Eu precisava de um narrador. Inicialmente, pensei em narrá-la na primeira pessoa. Li numa entrevista com o vaqueiro Zito ‐ um dos vaqueiros que acompanhou a viagem de Guimarães Rosa pelo sertão mineiro ‐ que um menino acompanhou a boiada. Durante minha viagem de pesquisa à cidade de Três Marias, em entrevista com Tião Leite, único vaqueiro participante daquela boiada ainda vivo, ele me confirmou que realmente um menino a acompanhara e que era filho do capataz e se chamava Nilson. Na última etapa da pesquisa, nos arquivos do Instituto de Estudos Brasileiros da Universidade de São Paulo, consultei os escritos que Guimarães Rosa fez durante essa viagem e encontrei a confirmação de que precisava: o menino Nilson realmente a acompanhara. Com essa confirmação, conduzi a história tendo o menino como narrador anônimo da boiada.

Você teve que fazer muitas pesquisas para construir a história?
Para levantar informações sobre esse acontecimento reli vários livros de Guimarães Rosa e viajei aproximadamente por dois mil quilômetros fotografando, desenhando, conversando e, principalmente, fazendo anotações.

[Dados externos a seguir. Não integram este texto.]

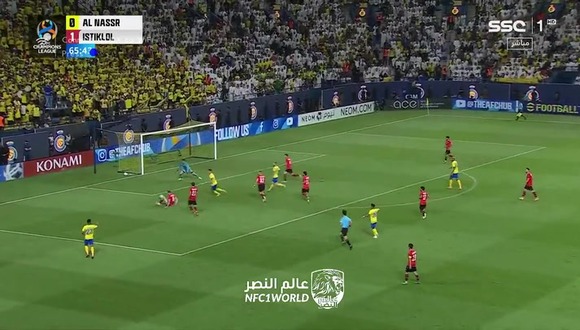 Gol de Cristiano Ronaldo en Al Nassr vs. Istiklol. (Video: SSC)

Além disso, consultei mapas, visitei fazendas e fiz muitas leituras em bibliotecas.

Você pensa em escrever outros livros para o público infantil e juvenil?

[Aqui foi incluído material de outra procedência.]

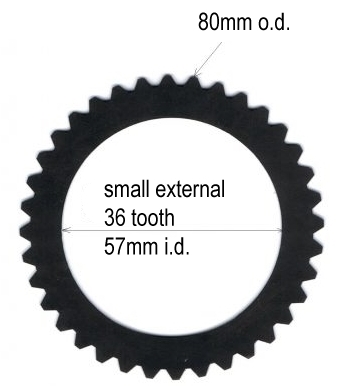 Gripper externe Sperrlamelle 1,4mm kleine Größe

Eu não escrevo unicamente para público infantil ou adolescente. Como sou também ilustrador tenho me empenhado em cada vez mais fazer da ilustração um elemento forte do livro. No Brasil, ainda se entende que livros ilustrados são livros para crianças e adolescentes… Fica essa classificação. Então, aí vai um aviso para os adultos leitores: descubram os livros ilustrados!

Para você, qual a importância de Guimarães Rosa na literatura?

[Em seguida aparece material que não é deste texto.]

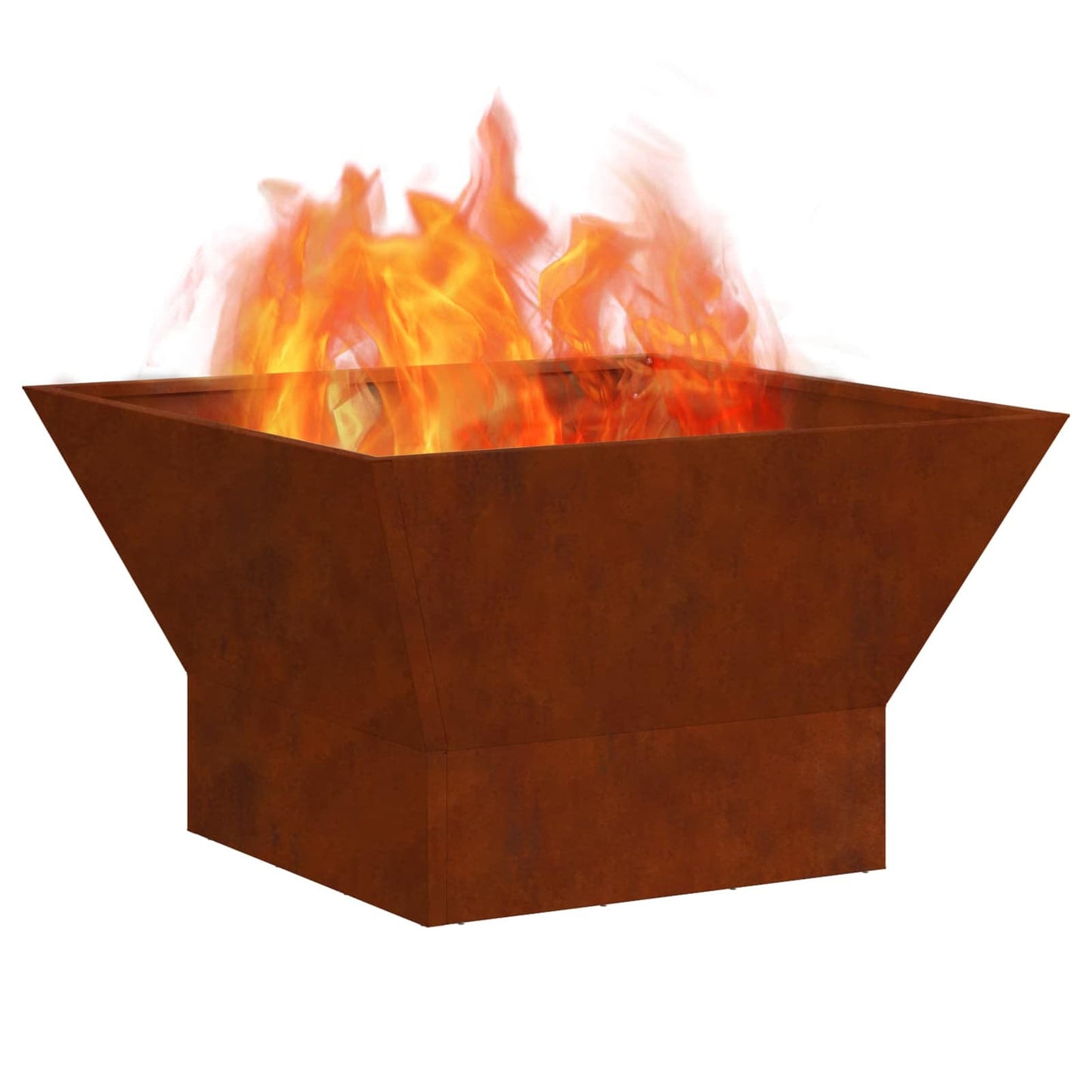 Feuerstelle Braun 60 x 60 x 35 cm Wetterfeststahl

Guimarães Rosa tem a qualidade rara de ser um magnífico criador de imagens. Ao ler a primeira página de Manuelzão e Miguilim, fui tomado de uma visão do sertão mineiro que até então desconhecia. Eu vi na minha mente toda aquela paisagem escrita em palavras numa página branca de livro. Para mim foi como fazer uma viagem no tempo e no espaço. Acredito que um escritor com essa capacidade se transforma em um verdadeiro “portal”. Nele podemos passar e identificar valores que reconhecemos.

Na infância, você já pensava no que ia ser quando adulto?
Na verdade, eu nunca pensei no que seria quando crescesse. Só lembro de mim desenhando, desde pequeno. Nunca fiz outra coisa na vida a não ser desenhar. É claro que durante a vida trabalhei em outras atividades; fui ajudante de marceneiro, vendedor no comércio e programador visual em banco. Mas sempre reservei, durante o dia, algumas horas para desenhar e pintar. Mas como não cursei Belas Artes, às vezes, até penso que foi a arte que me escolheu. Engraçado, não é?